======== Input data ========
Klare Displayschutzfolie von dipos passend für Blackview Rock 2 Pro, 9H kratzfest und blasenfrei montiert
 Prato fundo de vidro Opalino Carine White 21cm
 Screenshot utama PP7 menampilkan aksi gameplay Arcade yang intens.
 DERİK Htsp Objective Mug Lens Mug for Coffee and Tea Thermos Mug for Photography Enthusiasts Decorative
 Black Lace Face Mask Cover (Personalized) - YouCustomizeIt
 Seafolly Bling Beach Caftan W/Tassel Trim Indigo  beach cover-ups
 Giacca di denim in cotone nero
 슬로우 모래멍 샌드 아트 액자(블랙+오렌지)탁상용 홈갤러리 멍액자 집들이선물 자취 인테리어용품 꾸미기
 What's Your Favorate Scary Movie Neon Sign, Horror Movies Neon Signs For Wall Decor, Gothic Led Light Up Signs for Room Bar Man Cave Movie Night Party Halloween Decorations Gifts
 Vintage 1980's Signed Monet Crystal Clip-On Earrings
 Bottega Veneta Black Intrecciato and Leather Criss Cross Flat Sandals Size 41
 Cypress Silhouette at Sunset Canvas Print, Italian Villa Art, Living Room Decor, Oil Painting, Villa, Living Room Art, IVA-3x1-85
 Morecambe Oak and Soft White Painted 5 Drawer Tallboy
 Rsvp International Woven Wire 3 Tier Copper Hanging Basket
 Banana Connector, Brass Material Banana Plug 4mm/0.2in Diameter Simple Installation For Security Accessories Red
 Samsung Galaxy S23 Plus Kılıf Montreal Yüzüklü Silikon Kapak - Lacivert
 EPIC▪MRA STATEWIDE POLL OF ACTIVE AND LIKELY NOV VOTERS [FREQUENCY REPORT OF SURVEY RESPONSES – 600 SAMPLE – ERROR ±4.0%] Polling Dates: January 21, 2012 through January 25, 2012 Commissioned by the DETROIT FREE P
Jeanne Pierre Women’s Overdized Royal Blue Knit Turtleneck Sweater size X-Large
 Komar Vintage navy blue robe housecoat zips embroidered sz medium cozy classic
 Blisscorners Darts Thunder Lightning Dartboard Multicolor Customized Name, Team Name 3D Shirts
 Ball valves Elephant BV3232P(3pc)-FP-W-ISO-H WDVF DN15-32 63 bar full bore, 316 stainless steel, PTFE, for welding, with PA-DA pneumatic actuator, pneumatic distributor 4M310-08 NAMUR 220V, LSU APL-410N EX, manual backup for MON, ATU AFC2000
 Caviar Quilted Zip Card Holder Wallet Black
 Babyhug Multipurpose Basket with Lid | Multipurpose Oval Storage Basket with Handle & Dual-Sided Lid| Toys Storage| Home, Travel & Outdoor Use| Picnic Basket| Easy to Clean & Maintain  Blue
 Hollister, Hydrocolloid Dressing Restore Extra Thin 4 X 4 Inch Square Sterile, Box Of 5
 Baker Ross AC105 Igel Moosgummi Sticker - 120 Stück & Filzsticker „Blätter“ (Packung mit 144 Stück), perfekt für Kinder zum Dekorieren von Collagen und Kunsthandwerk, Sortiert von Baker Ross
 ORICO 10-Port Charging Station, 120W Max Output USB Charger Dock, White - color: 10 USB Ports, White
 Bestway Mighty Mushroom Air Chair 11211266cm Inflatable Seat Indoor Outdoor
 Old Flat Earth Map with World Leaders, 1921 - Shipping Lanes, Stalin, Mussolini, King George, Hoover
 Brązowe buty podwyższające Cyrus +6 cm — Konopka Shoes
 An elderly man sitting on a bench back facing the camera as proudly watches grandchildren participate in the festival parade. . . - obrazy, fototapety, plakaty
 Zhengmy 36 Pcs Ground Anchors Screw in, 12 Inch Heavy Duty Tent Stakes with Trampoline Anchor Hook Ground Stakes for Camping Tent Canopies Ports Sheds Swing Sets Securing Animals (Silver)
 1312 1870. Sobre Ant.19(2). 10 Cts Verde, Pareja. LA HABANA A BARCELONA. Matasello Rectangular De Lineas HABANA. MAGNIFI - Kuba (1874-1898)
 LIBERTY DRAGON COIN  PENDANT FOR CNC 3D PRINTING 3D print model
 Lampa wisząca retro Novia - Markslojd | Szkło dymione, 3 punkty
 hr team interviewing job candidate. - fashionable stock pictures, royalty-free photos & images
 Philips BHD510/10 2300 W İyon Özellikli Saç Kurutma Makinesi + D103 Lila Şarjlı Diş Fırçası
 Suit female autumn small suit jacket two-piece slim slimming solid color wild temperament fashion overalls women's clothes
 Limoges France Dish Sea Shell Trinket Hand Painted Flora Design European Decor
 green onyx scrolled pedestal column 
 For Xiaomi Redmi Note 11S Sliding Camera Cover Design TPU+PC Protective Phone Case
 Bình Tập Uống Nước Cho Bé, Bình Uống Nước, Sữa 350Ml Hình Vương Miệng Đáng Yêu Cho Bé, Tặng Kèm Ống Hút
========
§ What this task involves
Begin at the line above that has "An elderly man" and stop after the line that has "Suit female autumn", copying each line exactly and adding nothing else.

§ Answer to this task
 An elderly man sitting on a bench back facing the camera as proudly watches grandchildren participate in the festival parade. . . - obrazy, fototapety, plakaty
 Zhengmy 36 Pcs Ground Anchors Screw in, 12 Inch Heavy Duty Tent Stakes with Trampoline Anchor Hook Ground Stakes for Camping Tent Canopies Ports Sheds Swing Sets Securing Animals (Silver)
 1312 1870. Sobre Ant.19(2). 10 Cts Verde, Pareja. LA HABANA A BARCELONA. Matasello Rectangular De Lineas HABANA. MAGNIFI - Kuba (1874-1898)
 LIBERTY DRAGON COIN  PENDANT FOR CNC 3D PRINTING 3D print model
 Lampa wisząca retro Novia - Markslojd | Szkło dymione, 3 punkty
 hr team interviewing job candidate. - fashionable stock pictures, royalty-free photos & images
 Philips BHD510/10 2300 W İyon Özellikli Saç Kurutma Makinesi + D103 Lila Şarjlı Diş Fırçası
 Suit female autumn small suit jacket two-piece slim slimming solid color wild temperament fashion overalls women's clothes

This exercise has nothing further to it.